Automatic evaluation depends on LLM judges. While correlation checks were performed, automatic scores cannot fully replace clinical experts or long-term therapeutic outcomes.
MoE requires open-weight models and training adapters, which is less accessible for teams relying solely on closed-source APIs.
The 9D profile may still omit variables like age, cultural background, trauma history, or help-seeking stages.
Future work could develop interactive population configuration tools to automatically generate test sets and failure reports based on selected user groups.

vs.

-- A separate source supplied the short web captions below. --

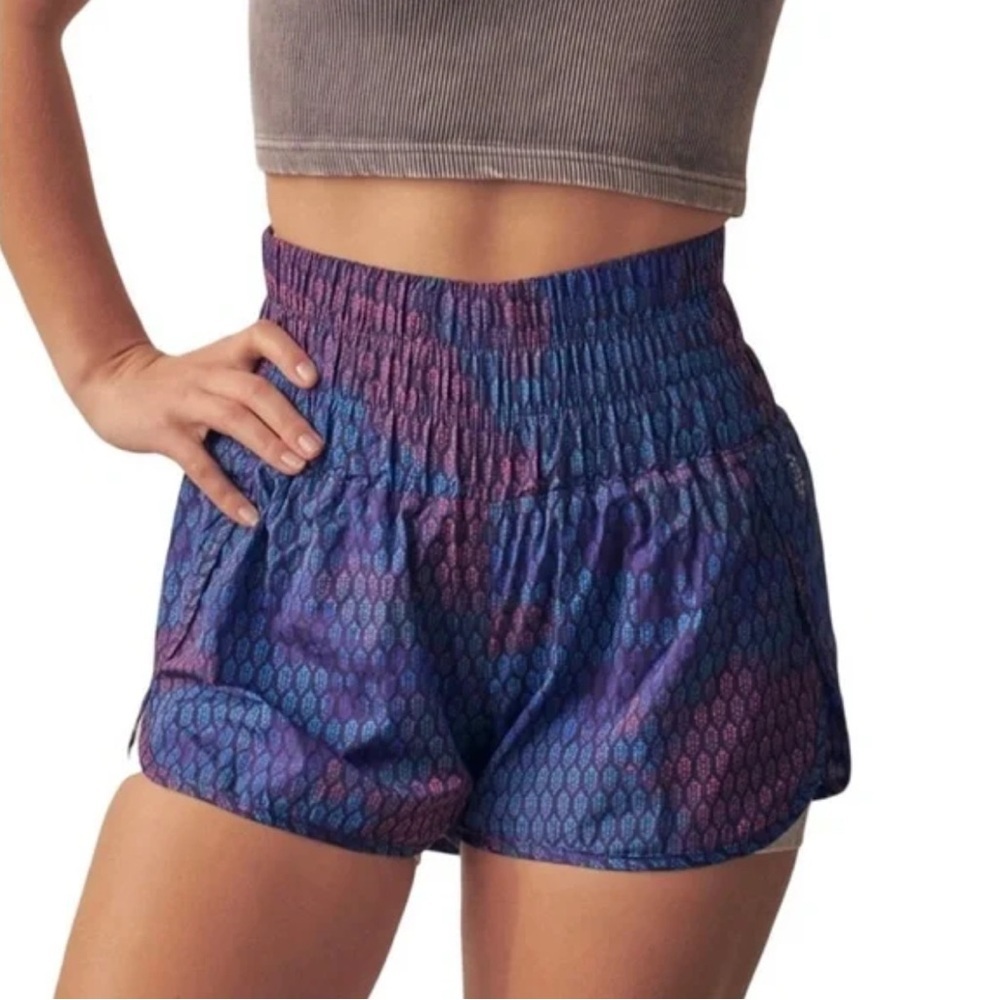 🦋 Free People Movement| EUC Women's Size M Blue, Pink & Purple Printed Short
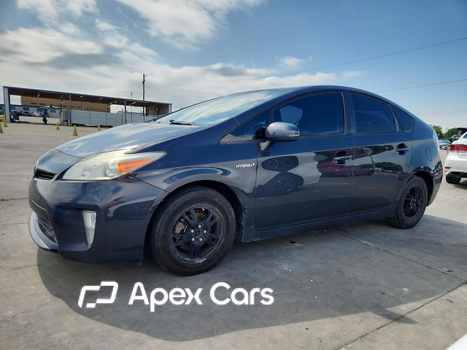 Toyota Prius 2015 - Image 1 of 12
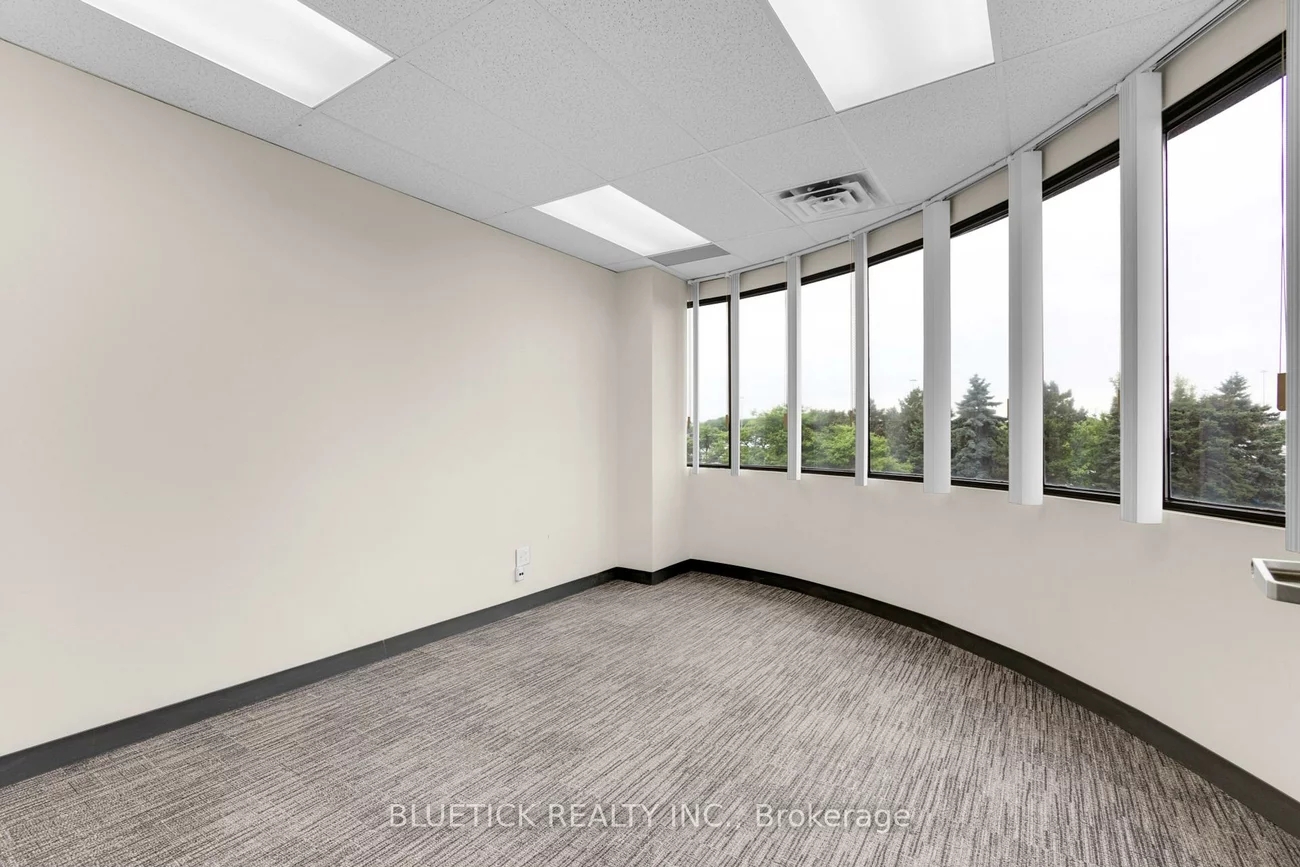 700, Dorval, 1014 - QE Queen Elizabeth, Oakville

ESC-Eval / ESC-Judge: These works advanced simulator-based evaluation but relied on fixed personas or prompt-based roleplay. This paper emphasizes fine-grained control and behavioral diversity for stress-testing.
vs. ESC-Role / Eeyore: These have attempted trained seeker models but often remain at surface-level personas. This work uses systematic 9D profiles and MoE routing for sustained behavioral control.
Insights for Dialogue Evaluation: A model performing well on "cooperative users" does not guarantee success with real users. Future evaluations should report performance across population slices (worst-case slices) rather than just global averages.

Rating¶

Novelty: ⭐⭐⭐⭐☆ Using MoE routing for profile control is not entirely new, but its application for emotional support stress-testing is highly targeted.
Experimental Thoroughness: ⭐⭐⭐⭐☆ Comprehensive validation across simulator fidelity, expert human review, and supporter stress-testing, though clinical external validation is still limited.
Writing Quality: ⭐⭐⭐⭐☆ Clear structure and a strong experimental loop.
Value: ⭐⭐⭐⭐⭐ Highly valuable for pre-deployment testing of emotional support models; provides a reusable paradigm for user simulator validation.